Looking for a Homestead/Farm in NY around Bainbridge, Mt. Upton or even North Pitcher, Plymouth area. Has to be 4 beds 2 bath home. Looking for under $160,000. Anyone know of any owners selling their homes? I'm going to look at a few with a realtor this weekend but would like some more options if possible..


----------



## snowsteader (Mar 6, 2015)

I've been looking for land in the Otsego/Chenango area. Best resources I've found:

odbrmls.com (realty site like nytrophyproperties.com has a map version of this)

possonrealtyfarmsandland.com specializes in farms and land, and is not listed on MLS.
Diamond realty is another exclusive agent
Hubble realty as well, but this is closer to Cooperstown

Do not sign anything with a realtor. It could compromise your ability to buy anything not listed on the MLS.

I also keep an eye on craigslist, but I have found that all the for sale by owner stuff is generally priced way over market.

Otsego County has online tax maps, and sales records. Lands of New york has a map (takes a little figuring) that shows Chenango county parcels on a map. Otherwise, you need to go into Norwich to look up recently sold stuff.

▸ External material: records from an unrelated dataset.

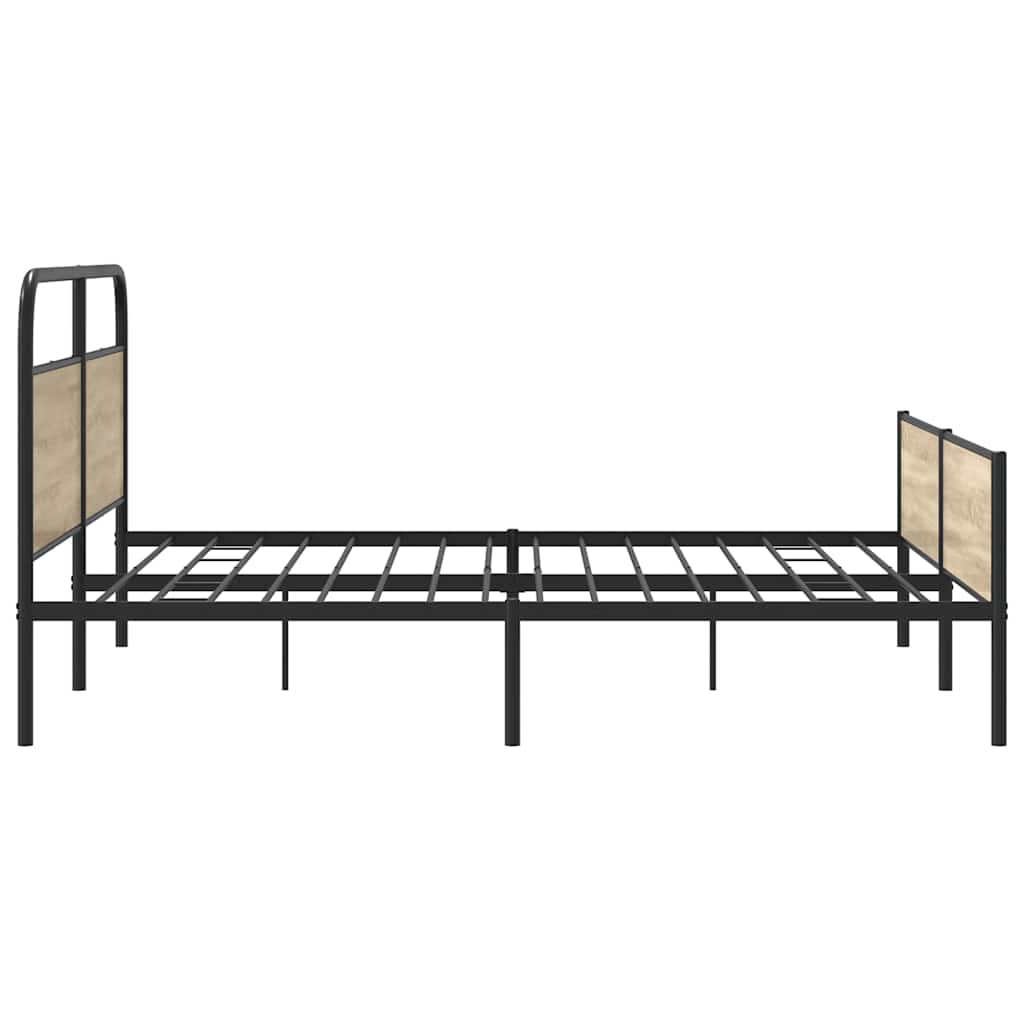 Sengeramme i metall uten madrass røkt eik 200x200 cm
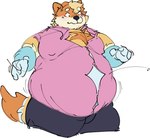 anthro australian_cattle_dog belly big_belly bluey_(series) butterontoast button_(fastener) button_pop canid canine canis cattledog clothed clothing domestic_dog herding_dog male mammal obese obese_anthro obese_male overweight overweight_anthro overweight_male pastoral_dog pink_clothing pink_shirt pink_topwear radley_heeler shirt solo topwear wardrobe_malfunction weight_gain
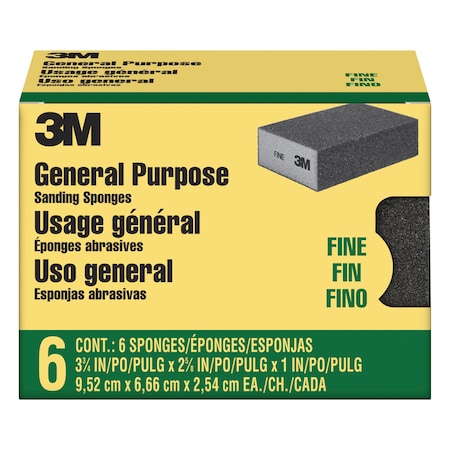 Sanding Sponge,Fine,3 3/4"L,2 5/8"W,PK6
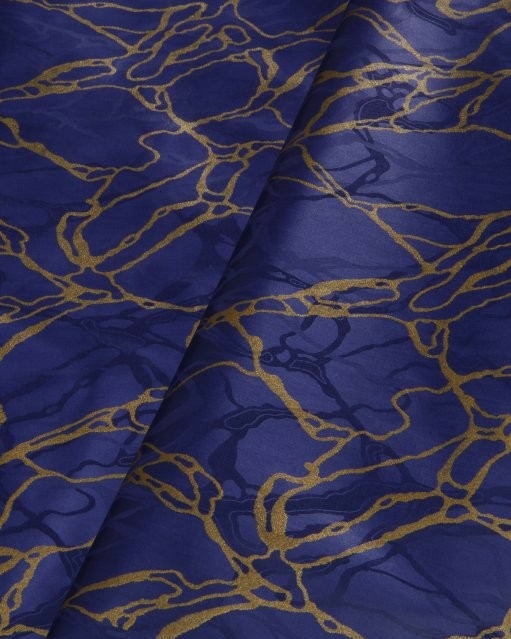 Getzner Doré indigo blue with gold print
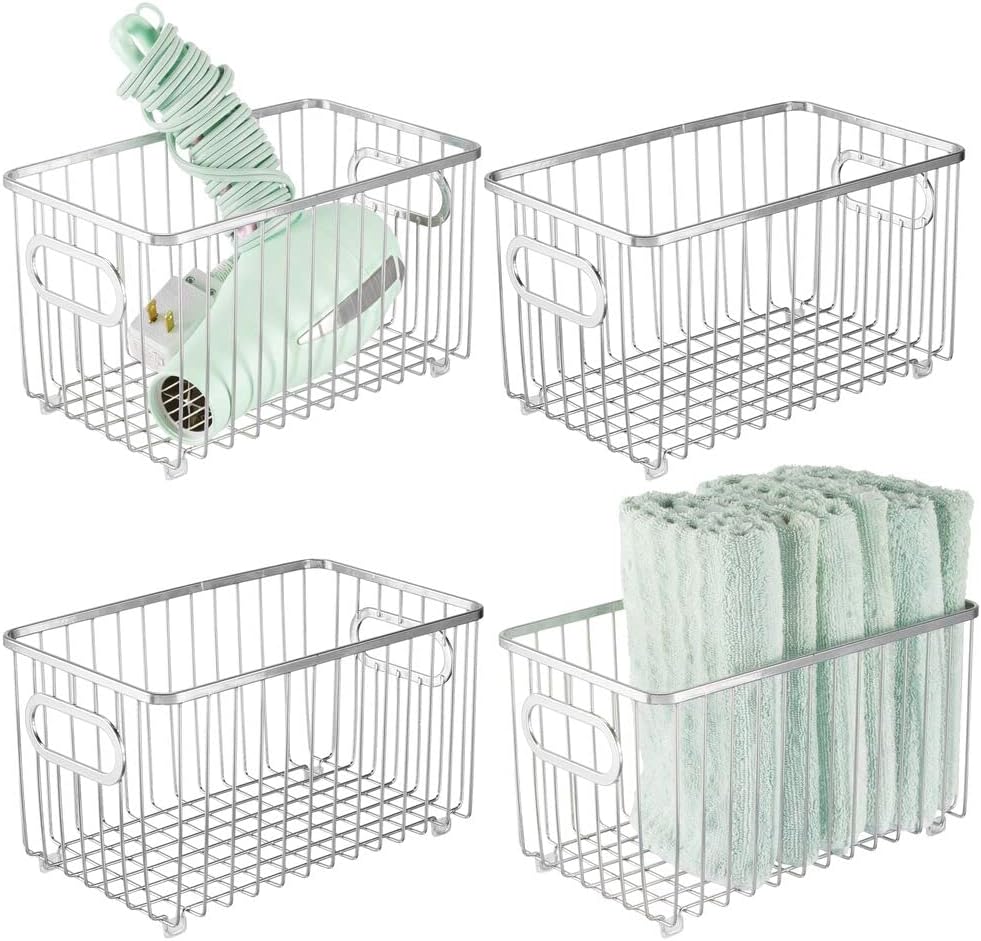mDesign Metal Bathroom Storage Organizer Basket Bin - Modern Wire Grid Design - for Organization in Cabinets, Shelves, Closets, Vanity Countertops, Bedrooms, Under Sinks, 4 Pack - Chrome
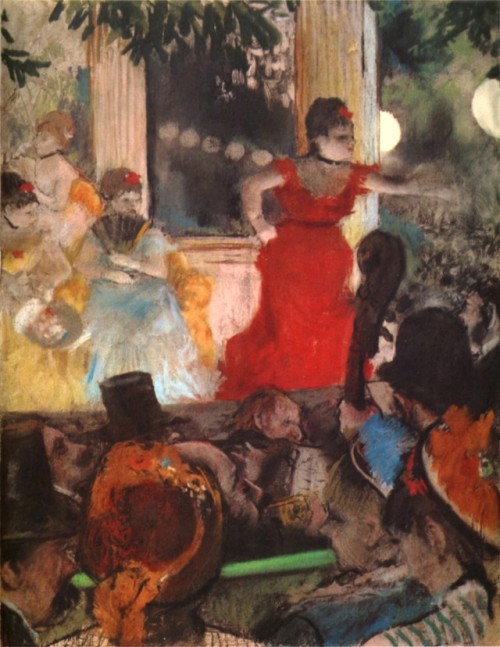 “Café-Concert at Les Ambassadeurs,” 1876–77 by Edgar Degasi have a red dres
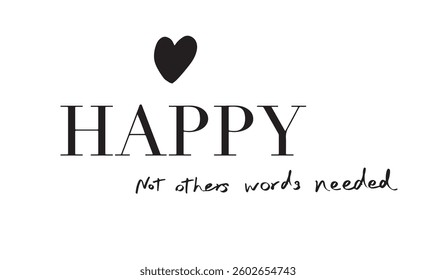 Happy love heart shape text font calligraphy hand written lettering script black color sign symbol Not other words needed happy communication banner happy love heart black color smile welcome business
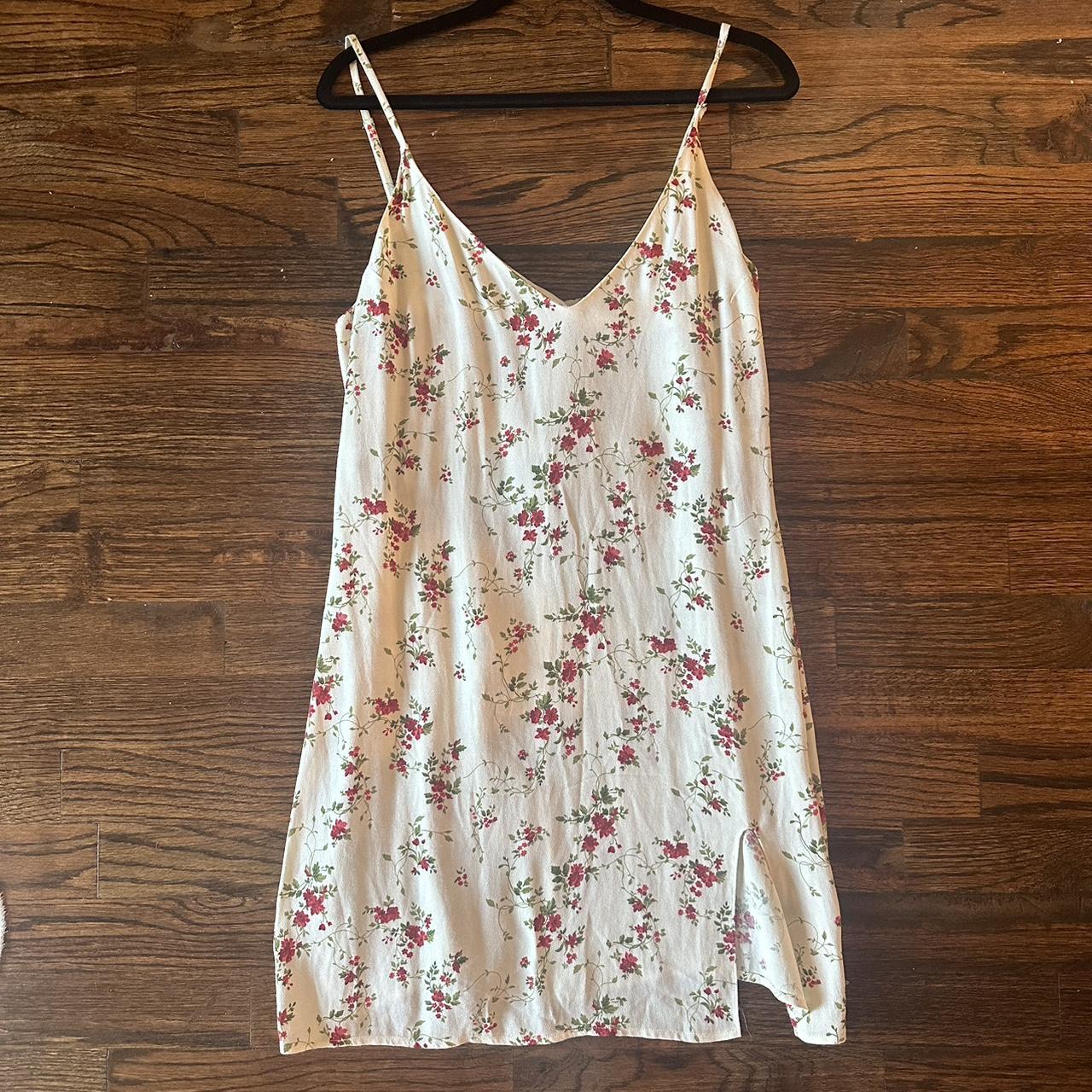 Reformation floral slip dress! Cream with red... - Depop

I will say that I have seen that locals pay 1000-1500 an acre, and the out of towners will pay 2000-2500 an acre.

You really have to do your homework. I see stuff list at 2-5k an acre and it really makes no sense.


----------



## RonM (Jan 6, 2008)

Go thru the H/T files ,seems like a couple have been listed on here that are in that area, not real sure,but worth the check


----------



## Helena (May 10, 2002)

Wouldn't live in NY state if you paid me..too many regulations,gun laws and worst of all.. the governor. ?? Cross over the border into PA..


----------